Essay|本屋がなくなったら困る
少女漫画じゃないのだから、毎日を普通に過ごしていてワクワクが向こうから飛び込んでくることなんて、そうない。そうないけど本屋にはあるよなと、思う。
本屋を見つけるとたいして用もないのに、「何かあるんじゃないか」とふらり立ち寄ってしまう。昨日も本屋に立ち寄ってしまった。そこでは、正面入り口付近で科学フェア的な何かが催されていて、明らかに書店員さん達の手で彩られたカラフルな陳列に、まんまと引き寄せられてしまった。
見てみると「なにこれ。今の子どもたちはこんなに面白い児童書を読んでるの?」と驚くことしばしで、インターネットの検索だと出会えなかったであろう分野だった。

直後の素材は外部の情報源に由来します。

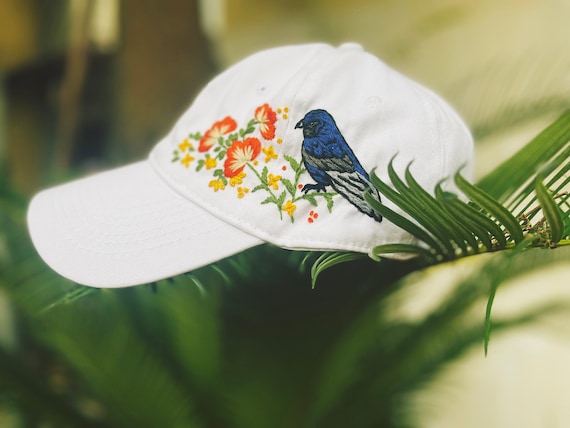 ✦雛がまもる心のおまもり帽✦ 伝統的な鶏型刺繍帽子 鳥の刺繍入りキャップ、カスタム刺繍入り帽子、手刺繍入りタンポポの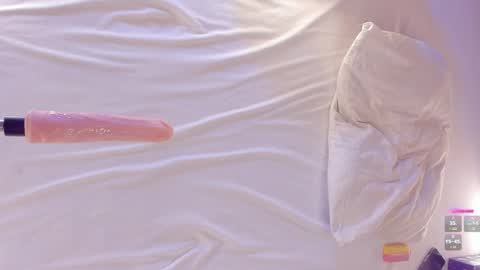 Snapshot of epic_girls chatting on 02/16/25, 05:37 WelcomeUse my tipmenu and invite me in private show online show from 02/16/25, 05:37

予期せぬことは素晴らしい。そう、だから本屋がなくなっては困るのだ。
そういえば昔写真展に行った帰りに、六本木の青山ブックセンターに立ち寄り、その本屋の奥の奥にある写真集コーナーで片っ端から次から次へと写真集を読み漁っていたら、ふと背の高い欧米の男性と目があった。
「ちょっと夢中になりすぎたかな」と恥ずかしくなって微笑んだら、おもむろに海外写真家の超絶分厚い写真集を手渡された。Try it!と言われて受け取ったそれは、アート風の装丁ではあるものの、女性ヌード写真集で初対面の男性から受け取るものとしてはなんとも言えない気持ちになった。
「え、なんだろ写真撮った本人なのかな。俺の写真かっこいいからみて的な?って多分違うな」「純粋に俺のオススメの写真家のやつってこと?」「いやはや荒手のセクハラなんかな。そうだったら新しいな」などとくだらないツッコミを頭の中でぐるぐるしながら、彼の見ていないところでそっと、受け取った写真集を棚に戻した。さすが六本木面白いな、本屋ってこんなことも起きるんだなと思った。そんな六本木の青山ブックセンターは2018年6月25日に38年の歴史に幕を下ろした。とても大好きな場所だった。
予想外の出来事は素晴らしい。そう、だから本屋がなくなっては困るのだ。
形ある本を囲んでそれぞれが足を運ぶ。知らない者同士がうっかり同じ本を手にしてしまって「あ、すみません」みたいな出会いが、多分どこかで生まれる場所だ。ノッティングヒルだけじゃない、世界中のどこかで。